#### Assignment
The data below is to be transcribed word for word; pictures are to be excluded.

#### Records for processing
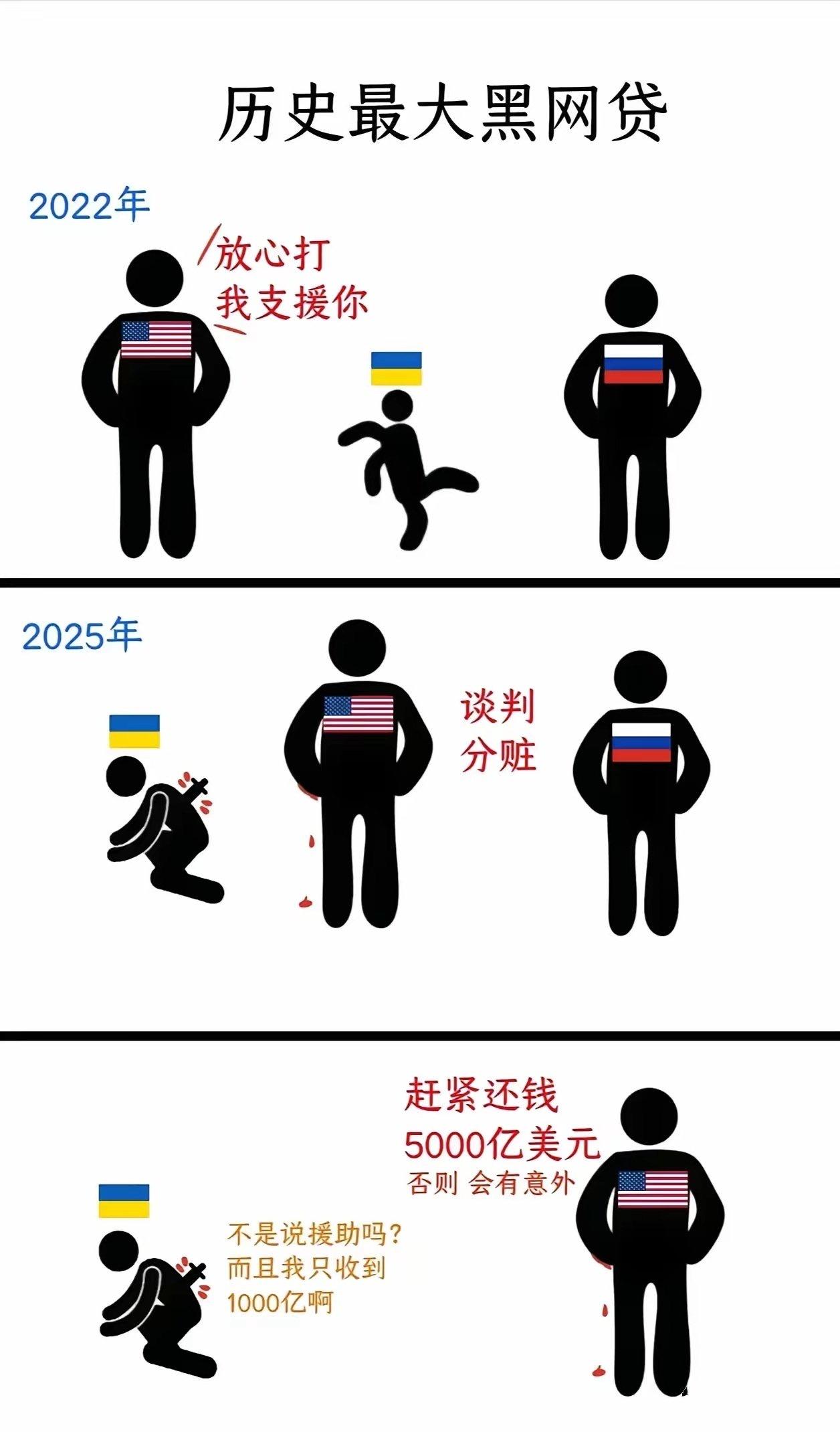 这绝对是历史上最大的黑网贷！

2022年：美国（深情脸）：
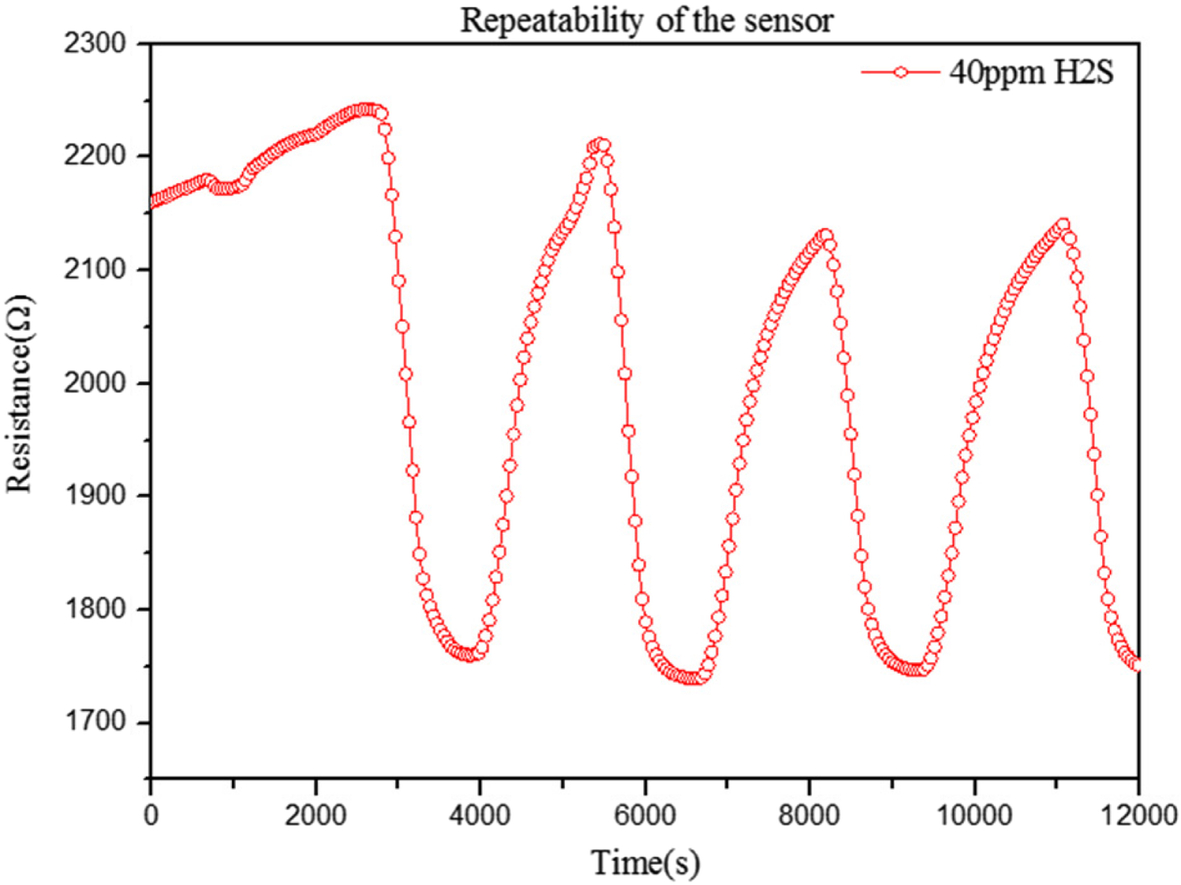 Fig. 7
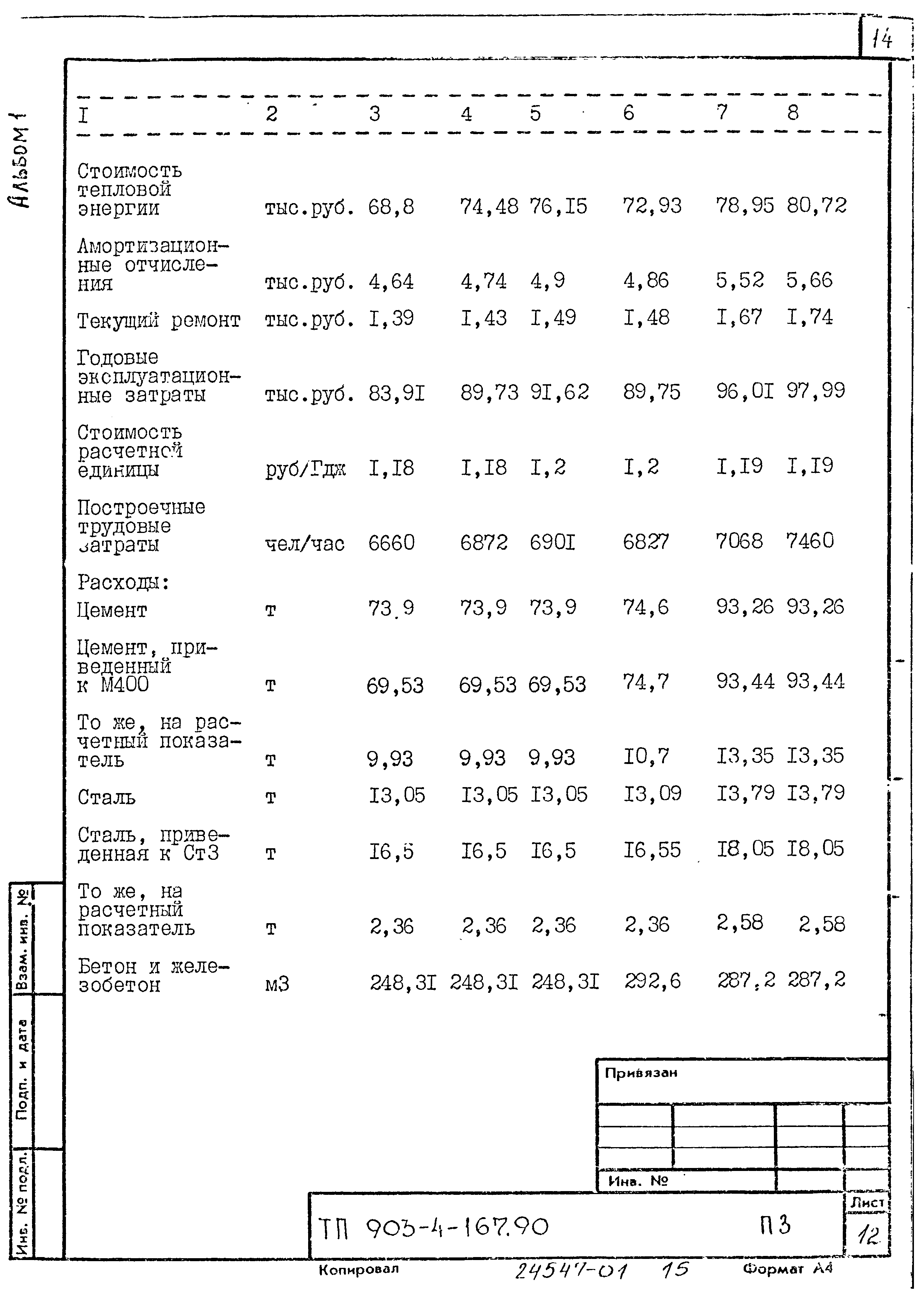 Типовой проект 903-4-167.90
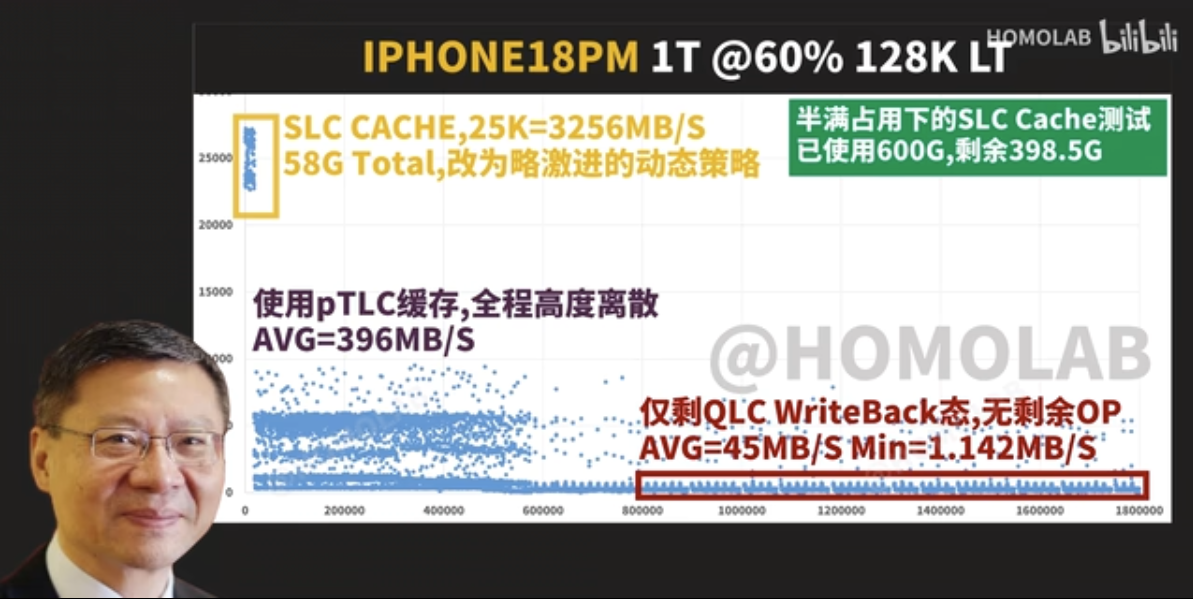 iPhone 18 Pro Max 1TB QLC 實測:快取耗盡後寫入最低僅 1.1MB/s,比記憶卡還慢 - 電腦王阿達 iPhone 18 Pro Max 1TB QLC 實測:快取耗盡後寫入最低僅 1.1MB/s,比記憶卡還慢 - 電腦王阿達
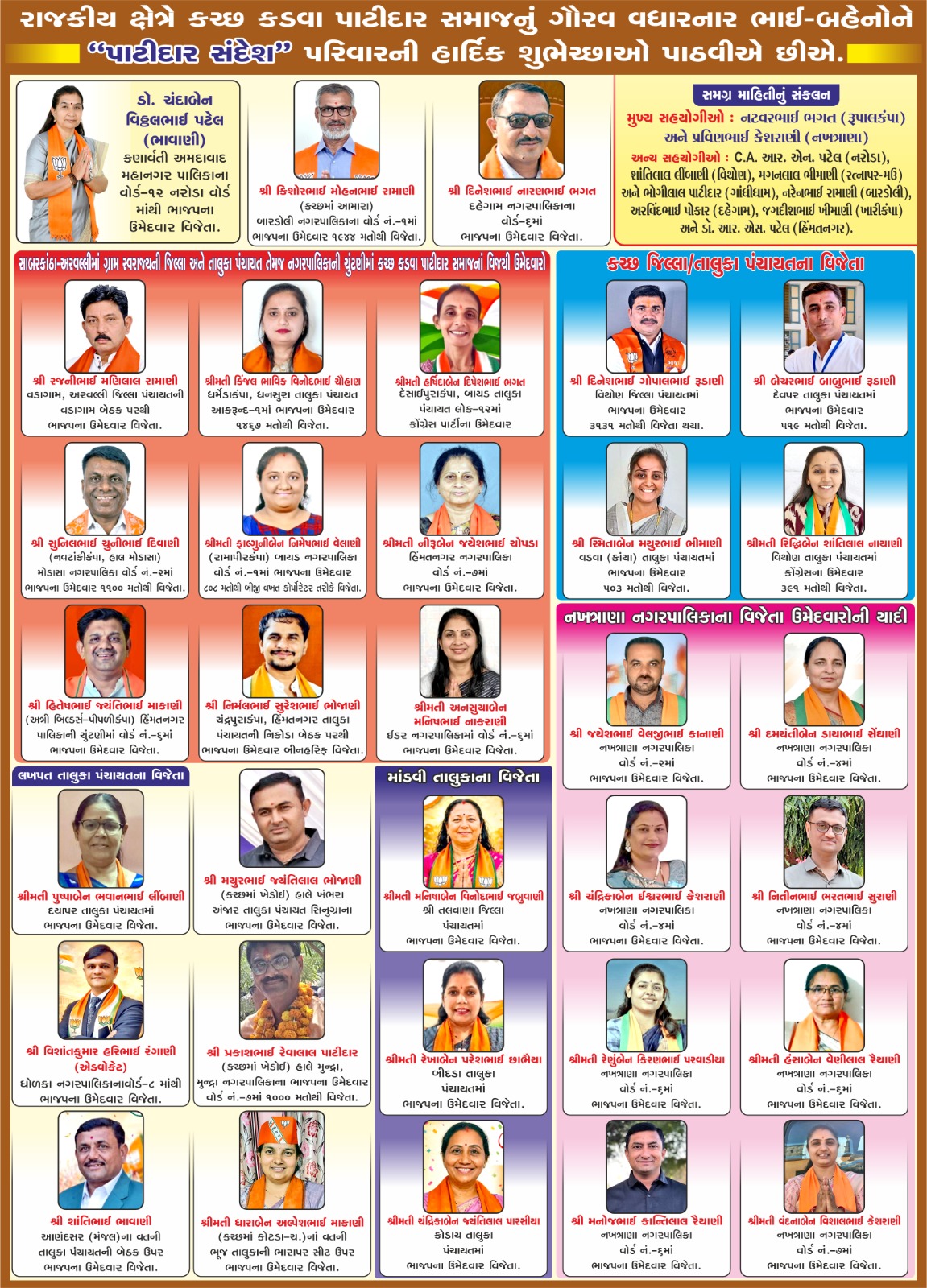 રાજકીય ક્ષેત્રે કચ્છ કડવા પાટીદાર સમાજનું ગૌરવ વધારનાર ભાઈ-બહેનોને પાટીદાર સંદેશ પરિવારની હાર્દિક શુભેચ્છાઓ પાઠવીએ છીએ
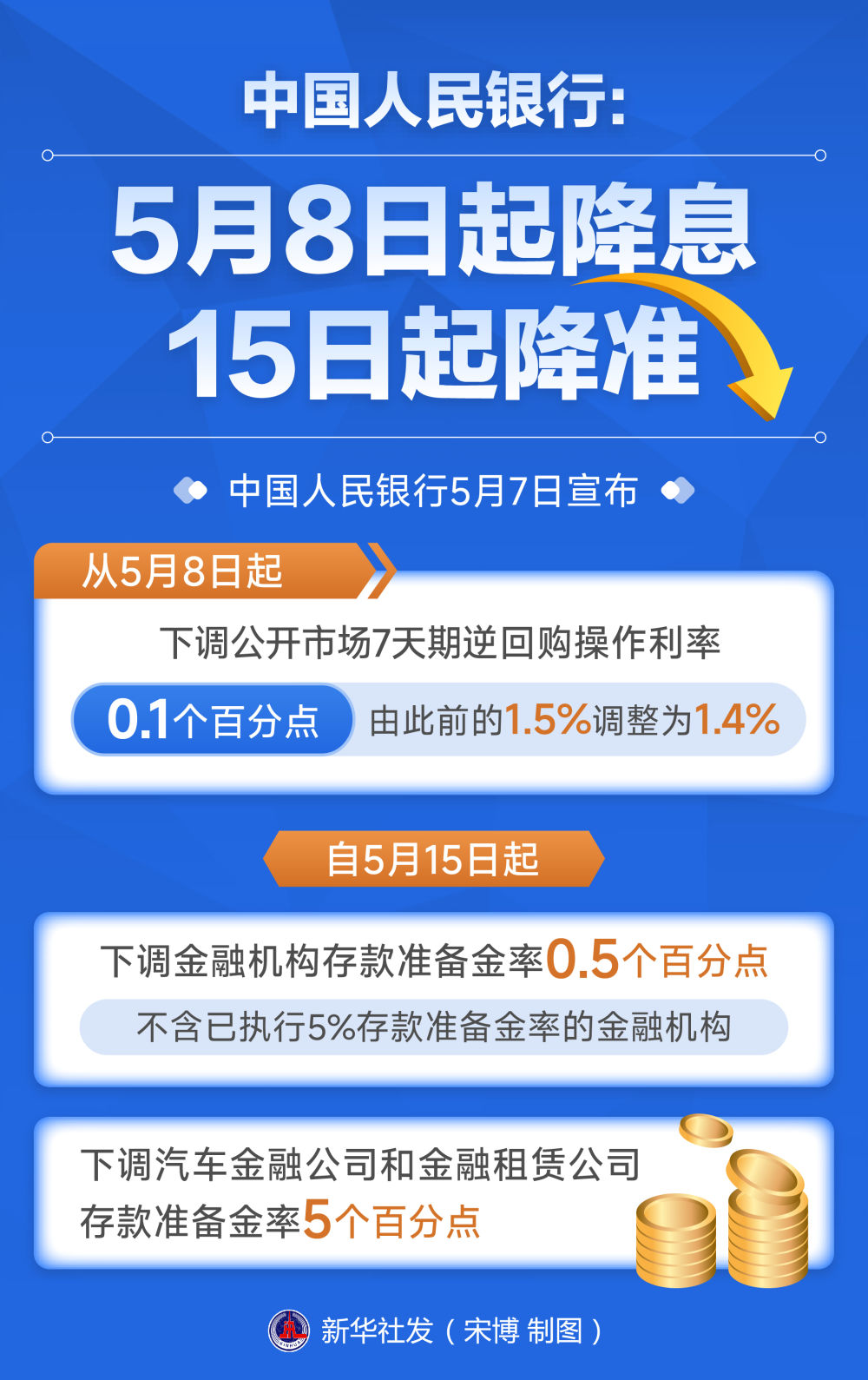 
北京中医院黄牛代挂号电话票贩子号贩子网上预约挂号,住院检查加快,政策协同发力 释放稳市场稳预期强信号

#### Output for this task
 这绝对是历史上最大的黑网贷！

2022年：美国（深情脸）：
 Fig. 7
 Типовой проект 903-4-167.90
 iPhone 18 Pro Max 1TB QLC 實測:快取耗盡後寫入最低僅 1.1MB/s,比記憶卡還慢 - 電腦王阿達 iPhone 18 Pro Max 1TB QLC 實測:快取耗盡後寫入最低僅 1.1MB/s,比記憶卡還慢 - 電腦王阿達
 રાજકીય ક્ષેત્રે કચ્છ કડવા પાટીદાર સમાજનું ગૌરવ વધારનાર ભાઈ-બહેનોને પાટીદાર સંદેશ પરિવારની હાર્દિક શુભેચ્છાઓ પાઠવીએ છીએ
北京中医院黄牛代挂号电话票贩子号贩子网上预约挂号,住院检查加快,政策协同发力 释放稳市场稳预期强信号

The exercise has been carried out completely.